Import the weather data.
# weather data
Billa_Billa <- fread(
system.file(
"extdata",
"2020_Billa_Billa_weather_data_ozforecast.csv",
package = "ascotraceR"
)
)
# format time column
Billa_Billa[, local_time := dmy_hm(local_time)]
# specify the station coordinates of the Billa Billa weather station
Billa_Billa[, c("lat", "lon") := .(-28.1011505, 150.3307084)]
head(Billa_Billa)
## day local_time assessment_number mean_daily_temp wind_ km_h ws
## 1: 1 2020-06-04 00:00:00 NA 4.1 0.9 0.25
## 2: 1 2020-06-04 00:15:00 NA 3.9 0.6 0.17
## 3: 1 2020-06-04 00:30:00 NA 3.9 2.0 0.56
## 4: 1 2020-06-04 00:45:00 NA 4.3 1.2 0.33
## 5: 1 2020-06-04 01:00:00 NA 3.7 2.4 0.67
## 6: 1 2020-06-04 01:15:00 NA 3.5 1.3 0.36
## ws_sd wd wd_sd cummulative_rain_since_9am rain_mm wet_hours location
## 1: NA 215 NA 0 0 NA Billa_Billa
## 2: NA 215 NA 0 0 NA Billa_Billa
## 3: NA 215 NA 0 0 NA Billa_Billa
## 4: NA 215 NA 0 0 NA Billa_Billa
## 5: NA 215 NA 0 0 NA Billa_Billa
## 6: NA 215 NA 0 0 NA Billa_Billa
## lat lon
## 1: -28.10115 150.3307
## 2: -28.10115 150.3307
## 3: -28.10115 150.3307
## 4: -28.10115 150.3307
## 5: -28.10115 150.3307
## 6: -28.10115 150.3307
A function, format_weather()
, is provided to convert raw weather data into the format appropriate for the model. It is mandatory to use this function to ensure weather data is properly formatted before running the model.

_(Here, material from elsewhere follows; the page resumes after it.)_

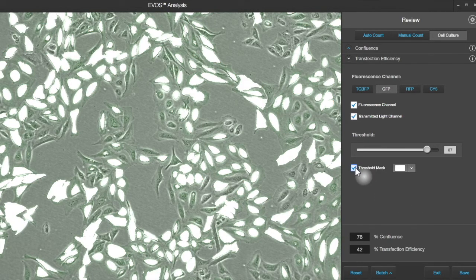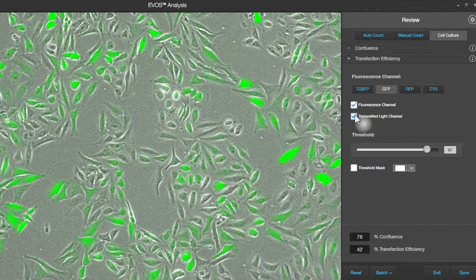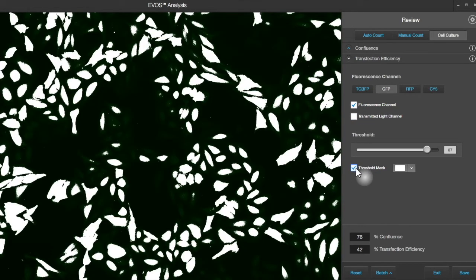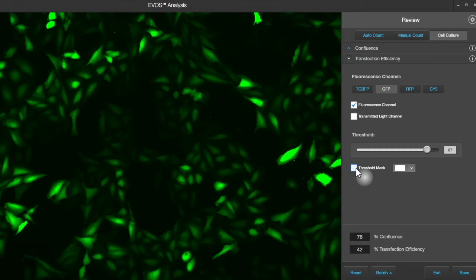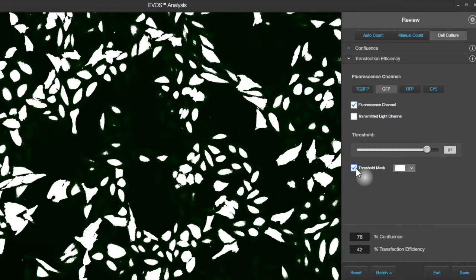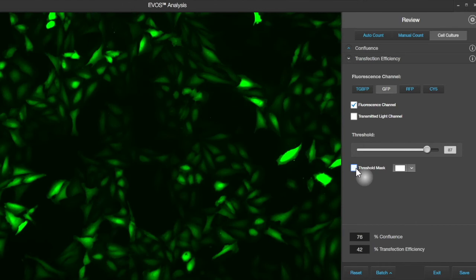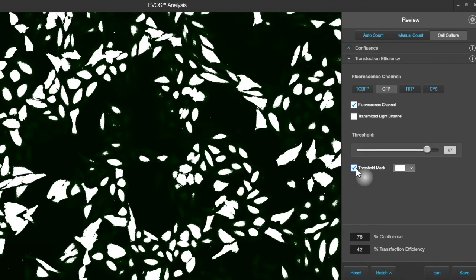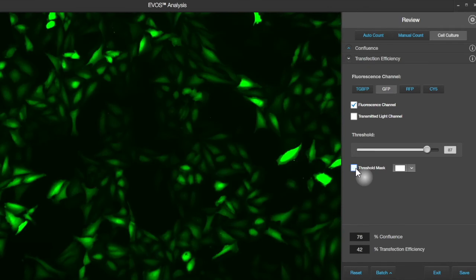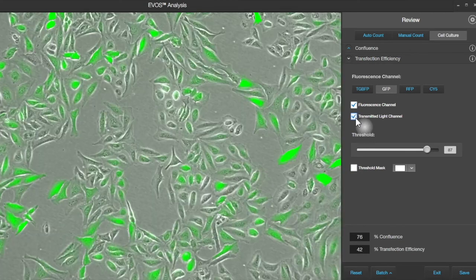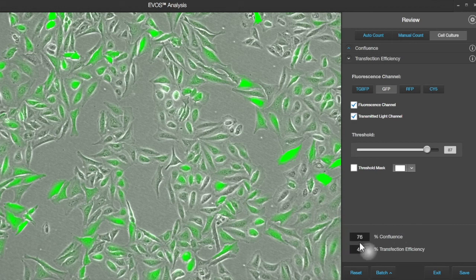We can toggle the mask on and off and see what has been selected. It's also helpful to turn off the transmitted light channel and check — you can see that pretty much most of the bright signal has been picked up by that selection, and the dimmer signal has been left behind. So we'll go ahead and select this and go with these measurements. Right now we've got 76% confluence for this field of view and 42% transfection efficiency.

Billa_Billa <- format_weather(
x = Billa_Billa,
POSIXct_time = "local_time",
temp = "mean_daily_temp",
ws = "ws",
wd_sd = "wd_sd",
rain = "rain_mm",
wd = "wd",
station = "location",
time_zone = "Australia/Brisbane",
lon = "lon",
lat = "lat"
)
A function, trace_asco()
, is provided to simulate the spread of Ascochyta blight in a chickpea field over a growing season.

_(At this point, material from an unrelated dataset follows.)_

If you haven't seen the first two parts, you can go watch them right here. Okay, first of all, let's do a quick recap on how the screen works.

# Predict Ascochyta blight spread for the year 2020 at Billa Billa
traced <- trace_asco(
weather = Billa_Billa,
paddock_length = 20,
paddock_width = 20,
initial_infection = "2020-07-17",
sowing_date = "2020-06-04",
harvest_date = "2020-10-27",
time_zone = "Australia/Brisbane",
seeding_rate = 40,
gp_rr = 0.0065,
spores_per_gp_per_wet_hour = 0.6,
latent_period_cdd = 150,
primary_inoculum_intensity = 100,
primary_infection_foci = "centre"
)
You can easily get summary statistics for the whole paddock over the simulated season and area under the disease progress curve, AUDPC, using summarise_trace()
.
summarise_trace(traced)
## i_day new_gp susceptible_gp exposed_gp infectious_gp i_date day
## 1: 1 16000 16000 0 0 2020-06-04 156
## 2: 2 1200 17200 0 0 2020-06-05 157
## 3: 3 1200 18400 0 0 2020-06-06 158
## 4: 4 1600 20000 0 0 2020-06-07 159
## 5: 5 2000 22000 0 0 2020-06-08 160
## ---
## 143: 143 400 1991999 0 734 2020-10-24 298
## 144: 144 0 1991999 28 734 2020-10-25 299
## 145: 145 0 1991999 28 734 2020-10-26 300
## 146: 146 1 1992000 28 734 2020-10-27 301
## 147: 147 0 1992000 28 734 2020-10-28 302
## cdd cwh cr gp_standard AUDPC
## 1: 0.00000 0 0.0 40 49393
## 2: 10.74583 0 0.0 43 49393
## 3: 22.84583 0 0.0 46 49393
## 4: 35.41042 0 0.0 50 49393
## 5: 49.38958 1 0.6 55 49393
## ---
## 143: 2133.81645 65 76.2 4980 49393
## 144: 2154.64770 73 94.4 4980 49393
## 145: 2176.49562 73 94.4 4980 49393
## 146: 2195.63104 73 94.4 4980 49393
## 147: 2215.57687 74 97.0 4980 49393
Please note that the ascotraceR project is released with a Contributor Code of Conduct. By contributing to this project, you agree to abide by its terms.